TIGHAR has long been investigating Earhart’s disappearance and has conducted nine archaeological excavations on the uninhabited island Nikumaroro in the southwestern Pacific republic of Kiribati.
“This is one of several bottles that we’ve identified from the castaway campsite that seem to be and, in some cases, are very definitely personal care products that were marketed exclusively to women in the United States in the 1930s,” said Ric Gillespie, executive director of TIGHAR.
The jar was found broken into five pieces, four of which were together. The fifth piece was about 65 feet away near the bones of a turtle and appeared to have been used as a cutting tool.
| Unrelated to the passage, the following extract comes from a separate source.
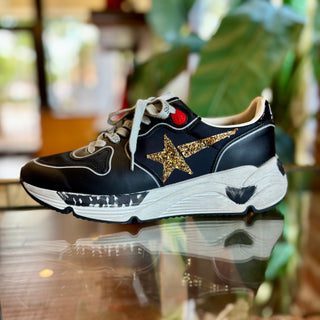 GOLDEN GOOSE Running Sole Black Nylon Leather SZ 37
On July 2, 1937, Earhart and her navigator, Fred Noonan, mysteriously vanished while flying over the Pacific Oceanin the middle of an attempt to fly around the world along the equator. She and navigator Fred Noonan were never found.
The general consensus has been that Earhart’s twin-engined plane ran out of fuel and crashed in the Pacific Ocean, somewhere near Howland Island.
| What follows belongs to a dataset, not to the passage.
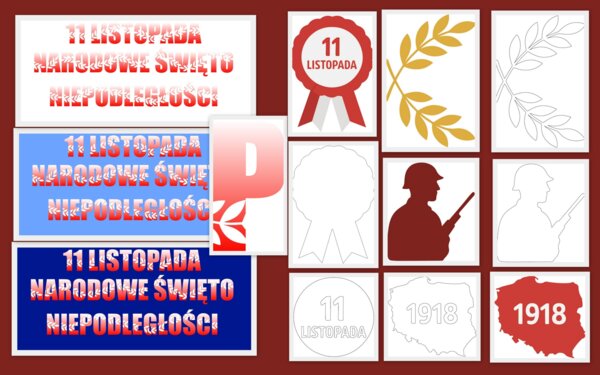 Święto niepodległości - napis plus szablony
According to TIGHAR, the possibility that Earhart and navigator Fred Noonan might have made an emergency landing on Nikumaroro’s flat coral reef, some 300 miles southeast of their target destination, is supported by a number of artifacts which, combined with archival research, strongly point to a castaway presence on the remote island.
Gillespie said that according to recovered documentation, the partial skeleton of a female castaway was discovered in 1940 in the area along with part of a woman’s shoe, part of a man’s shoe and a navigational tool, but the artifacts were later lost.
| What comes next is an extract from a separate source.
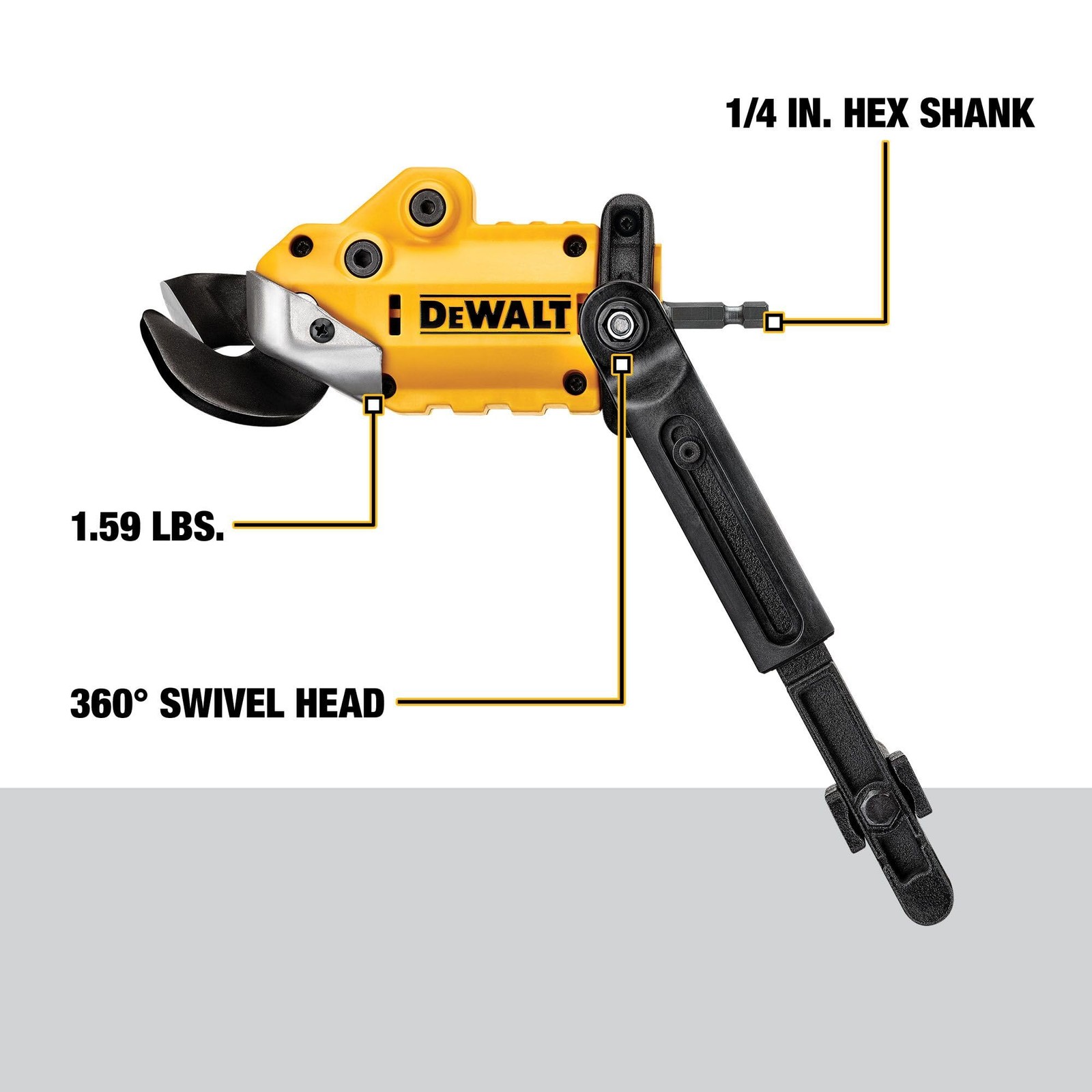 Metal Shear Cutter Drill Attachment Impact Ready 360 Swivel Head Cuts 18ga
Along with the cosmetic jar, TIGHAR found pieces of a woman’s compact, a zipper that was manufactured in the 1930’s, and a bottle of hand lotion that has been chemically analyzed to match Campana Italian Balm, which was popular during Earhart’s time.
The researchers also discovered a bone-handled pocket knife that was similar to one Earhart had taken onboard a previous expedition.
Secretary of State Hillary Clinton is lending her support to TIGHAR in pledging $500,000 of government funding to aid the search. “Amelia Earhart may have been a unlikely heroine for a nation down on its luck, but she embodies the spirit of an America coming of age and increasingly confident, ready to lead in a quite uncertain and dangerous world,” said Clinton. “She gave people hope and she inspired them to dream bigger and bolder.”
The TIGHAR team will be conducting its next expedition in July and hopes to find an artifact that will provide irrefutable proof that Earhart died as a castaway on the island.